In his Modern English Usage, Henry Fowler used the term Wardour Street for ‘a selection of oddments calculated to establish (in the eyes of some readers) their claim to be persons of taste and writers of beautiful English’.
In his Modern English Usage, Henry Fowler used the term Wardour Street for ‘a selection of oddments calculated to establish (in the eyes of some readers) their claim to be persons of taste and writers of beautiful English’. The metaphor was taken from the street in Soho, later occupied by the film industry, once the place for dealers in antique, or imitation-antique furniture. Among Fowler’s examples of Wardour Street English were anent, aplenty, forebears, perchance and well-nigh.
‘As always,’ boasts the preface to the new edition of The Chambers Dictionary, ‘we have resisted the temptation to discard rare, literary and historical words; in fact we have gone out of our way to celebrate these and other intriguing or charming words by highlighting them on the page.’ Well, one woman’s charming is another woman’s twee, not to say kitsch. Which of these highlighted words would you care to pick up from the dealers’ stalls? Urchin-shows, grum, rantipole, had-I-wist, Newgate fringe, fogle, thunder-plump. If you took them all aboard, you’d be in danger of sounding like a novel by Jeffrey Farnol.

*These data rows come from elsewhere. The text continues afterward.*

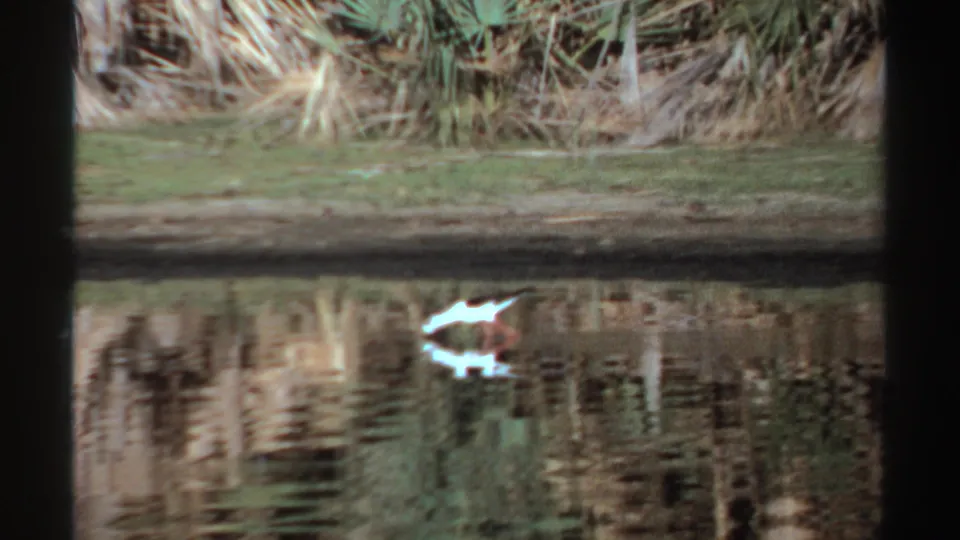 1969 Sudan 8mm frame showing the white wading bird lower in the frame, walking through reflective water beneath reeds.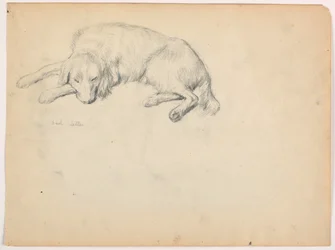 Dessin, Dash (un Setter), vers 1862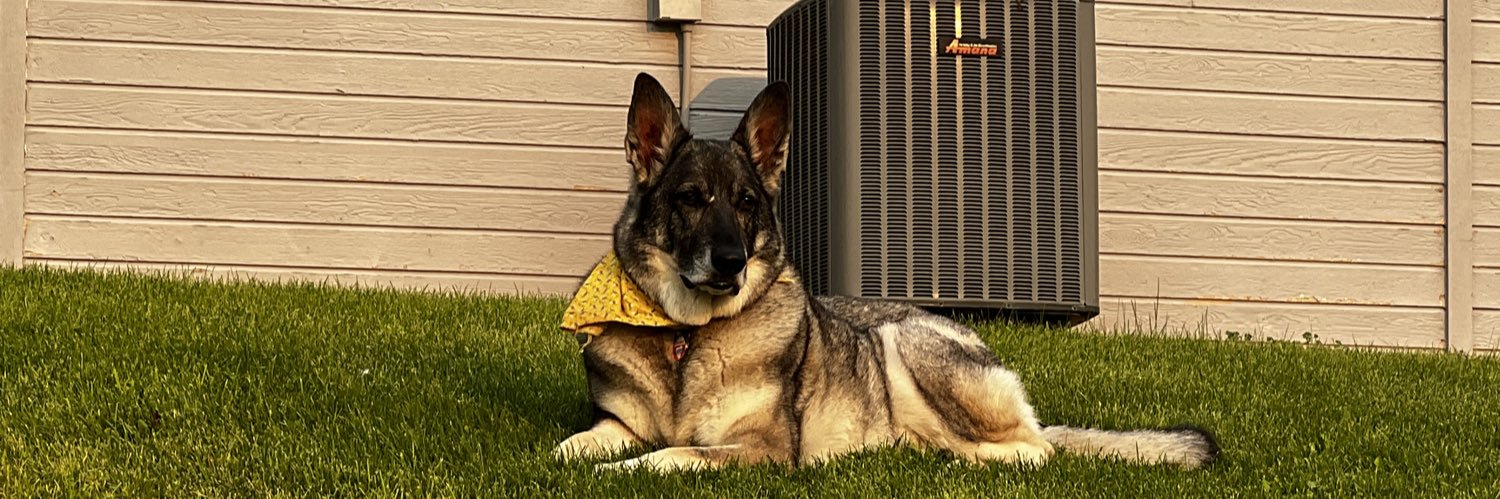 Becky Bryson ✝️🇺🇸 banner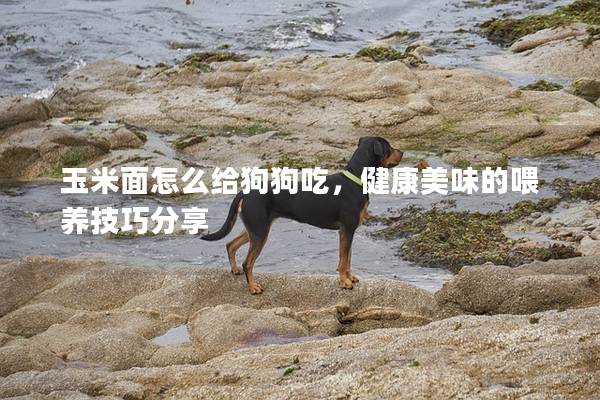 玉米面怎么給狗狗吃，健康美味的喂養(yǎng)技巧分享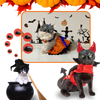 Bat Wing Cat Mask for Cats Comfortable Halloween Accessory
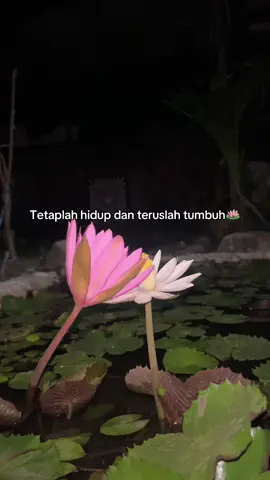 #psht #pshtpusatmadiun #fypシ゚ #4u #xybca 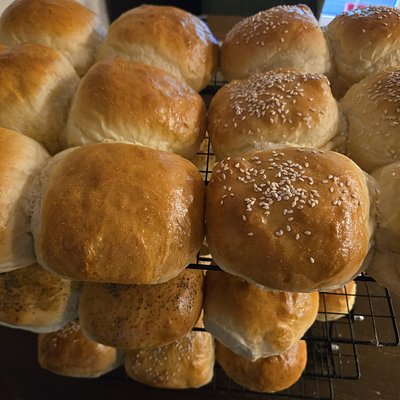 Sourdough Hamburger Buns-6 Pack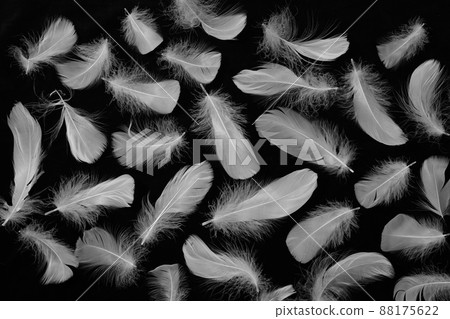 Bird's feather 88175622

Chambers (the apostrophe having being discarded in 1972, the year after decimal currency came in) has developed a queasy notion that it appeals to ‘Word Lovers’. ‘At Chambers, words are our passion,’ it declares, unafraid of cliché:
Our awareness that our love of language is matched by that of our users also motivated an exquisite new supplement, The Word Lover’s Miscellany, which truly celebrates words and the word lover’s dictionary.